The Evils of Human Motivation

Graham Greene’s The Quiet American is set in Saigon, Vietnam in the early 1950’s during the end of the First Indochina War. It portrays two simultaneous conflicts: one regarding the political turmoil of the growing American involvement that led to the Vietnam War, and also the romantic triangle between the Fowler, Pyle and Phuong. Each main character is involved in the war on their own levels. Fowler is involved mostly as an observer, while Pyle is more directly more involved on a number of levels with the American government. Phoung is just a native of her country Vietnam to bring the two together. Greene draws parallels between Pyle’s conduct and America’s overall policies in Vietnam, connecting all his characters to be involved in the war in someway.

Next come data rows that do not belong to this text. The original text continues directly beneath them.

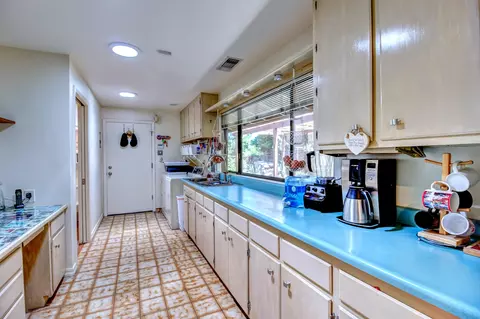 6328 Quail Creek Rd, Redding, CA 96002 photo 46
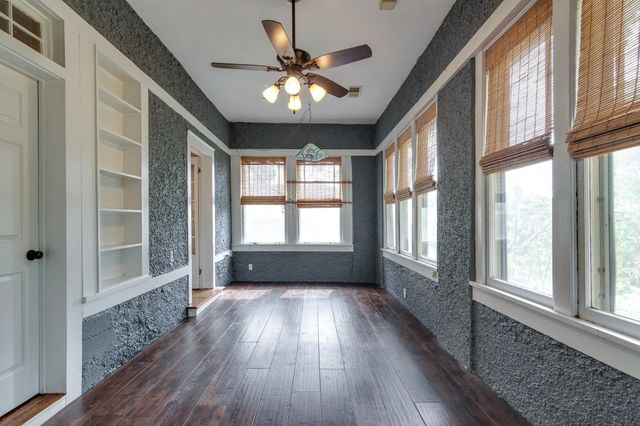 520 ELLSWORTH ST, Memphis, TN 38111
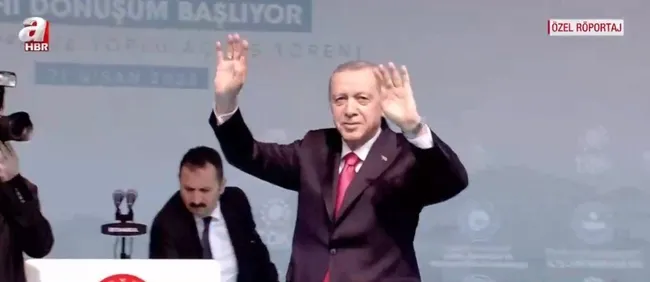 ak-partide-gundem-secim-guvenligi-ali-ihsan-yavuz-a-habere-konustu-1682774827567.jpg AK Parti’de gündem seçim güvenliği! Ali İhsan Yavuz A Haber’e konuştu - 1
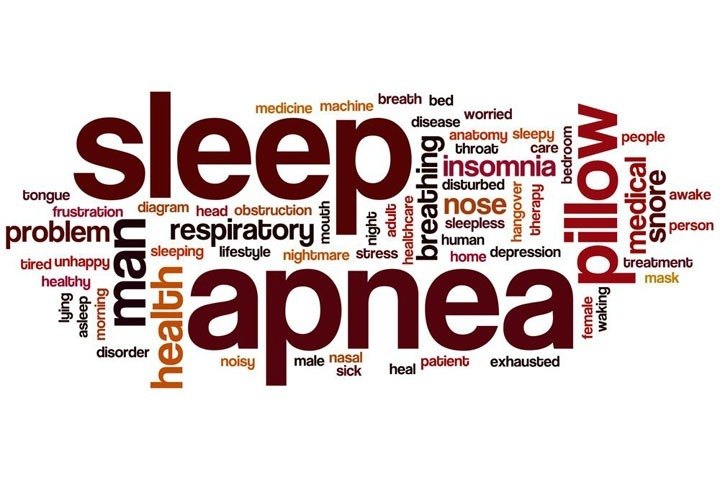 sleep-apnea-pillow-side-sleepers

The setting of Vietnam during the French war is one of the most essential aspects of The Quiet American. Greene does an excellent job of describing Vietnam not only as a physical country but also as a culture. In many ways, the setting is what makes the story transpire. In around 1945, things began to fall apart in Saigon. British troops were looked at to be much more understanding than Americans (Jamieson 197).So by creating a character from Britain was a perfect option for Greene to show someone as an observer in the war. He created Powel, a British journalist in his late middle age, whom lived in Vietnam for a number of years. “My fellow journalists called themselves correspondents; I preferred the title of reporter. I wrote what I saw. I took no action-even an opinion is a kind of action” (Greene 22). This shows he prides himself on having no opinions and not taking sides, but instead he believes himself to be a true journalist who only observes. Nothing can get to him, or so he thinks.

In many ways, however, Fowler is not a disconnected observer but a hypercritical pessimist. He has an active death wish.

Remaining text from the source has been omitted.